Re: Changing character set when the damage is done

From: Michael Fuhr <mike(at)fuhr(dot)org>
To: Alexis Paul Bertolini <bertolini(at)computer(dot)org>
Cc: pgsql-sql(at)postgresql(dot)org
Subject: Re: Changing character set when the damage is done
Date: 2006-12-24 16:57:34
Message-ID: 20061224165734.GA43931@winnie.fuhr.org
Views: Raw Message | Whole Thread | Download mbox | Resend email
Thread:
Lists: pgsql-sql

On Sun, Dec 24, 2006 at 05:05:37PM +0100, Alexis Paul Bertolini wrote:
> They show up in PHP, PgAdminIII and psql. All the same. A lowercase e
> with a grave accent appears as a capital A with the cedilla, followed by
> an umlaut (just the umlaut, on its own). So to answer your question,
> they are two characters.

Are you sure that's not a tilde (a wavy line above the A) instead
of a cedilla (a hook below the A)? The UTF-8 encoding for lowercase e
with grave is 0xc3 0xa8, which in ISO-8859-1 (LATIN1) or Windows-1252
is uppercase A with tilde followed by a diaeresis (an umlaut on its
own). Does the data appear correctly if you do either of the following?
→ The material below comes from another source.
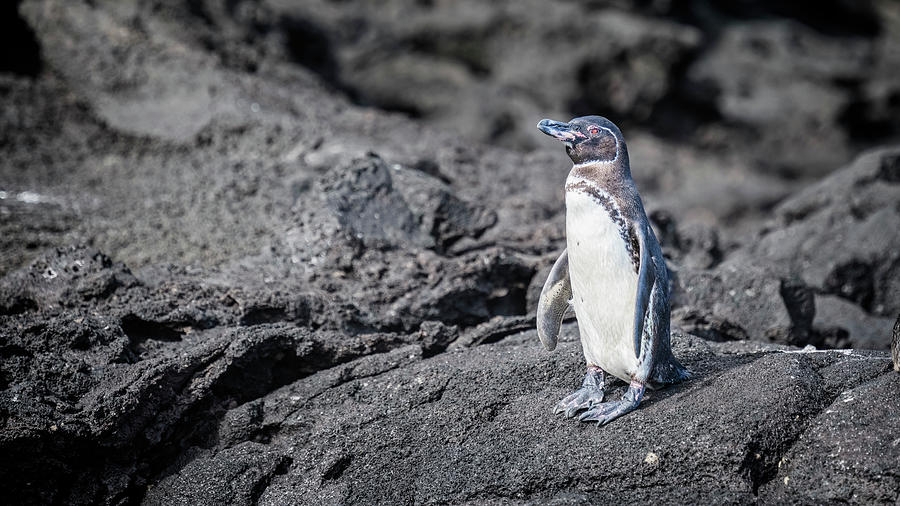 Galapagos Penguin 2 Photograph by Joan Carroll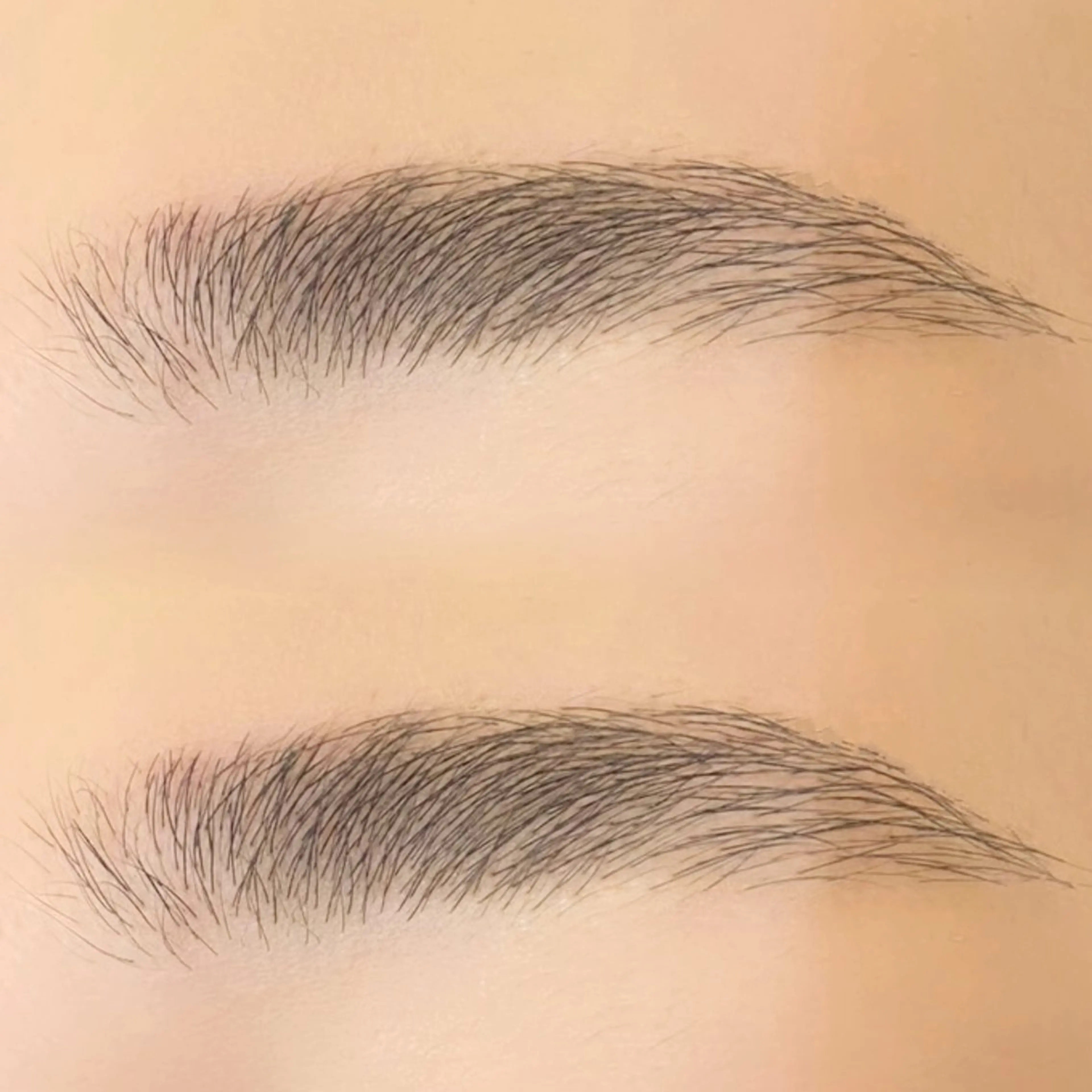 【メンズの方】アイブロウスタイリング🌷WAX脱毛🌷の写真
SELECT convert(colname, 'utf8', 'latin1') FROM tablename;
SELECT convert(colname, 'utf8', 'win1252') FROM tablename;

If you use characters like "smart quotes" or the Euro sign then
you'll probably need to use win1252 instead of latin1. Does the
following show a Euro sign or does it show blank?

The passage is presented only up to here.